1
votes

I have a table in oracle (table name is TRCUS) with customer's details, partitioned based on year & month. Partitions name in Oracle: PERIOD_JAN_13, PERIOD_FEB_13, PERIOD_JAN_14, PERIOD_FEB_14 etc

Now I want to import this table's data into HIVE using SQOOP directly.

Sqoop job should create a hive table, dynamically create partitions based on the oracle table partition and then import data into hive; into the respective partitions.

How can this be achievable using SQOOP ?

1

1 Answers

3
votes

Unfortunately, it cannot be achieved using Sqoop. However, there is one method which I guess you might not know.

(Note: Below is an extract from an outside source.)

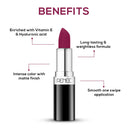 Renee Cosmetics Stunner Matte Lipstick (4gm)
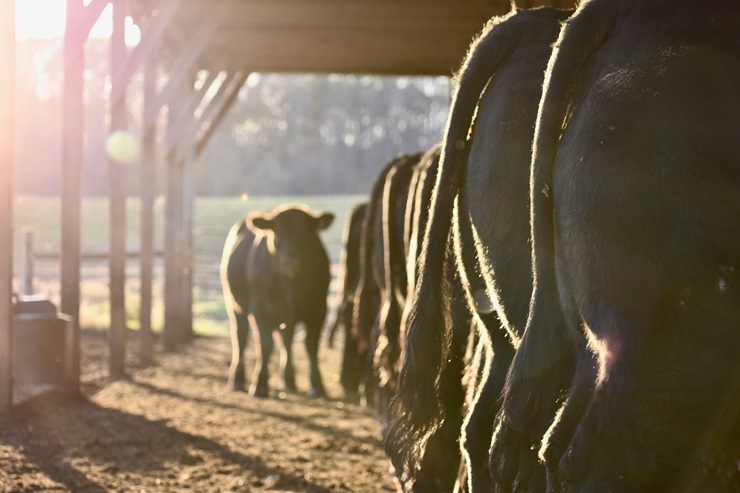 holt-cattle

  1. Create a table in Hive without any partitions.
  2. Set dynamic partition modes

    SET hive.exec.dynamic.partition = true; SET hive.exec.dynamic.partition.mode = nonstrict;

  3. Import data into Hive table that is not partitioned using Sqoop

    sqoop import --connect "jdbc:mysql://quickstart.cloudera:3306/database1" --username root --password cloudera --query 'SELECT DISTINCT id, count from test WHERE $CONDITIONS' --target-dir /user/hive/warehouse/ --hive-table pd_withoutpartition --hive-database database1 --hive-import --hive-overwrite -m 1 --direct

  4. Create another table with partitions

  5. Overwrite into partition table from previous table

    INSERT OVERWRITE TABLE pd_partition partition(name) SELECT id, count, name from pd_withoutpartition;

Note: Make sure that column with which you want to partition is mentioned last during overwrite in select statement.

Hive Version : Hive 1.1.0-cdh5.13.1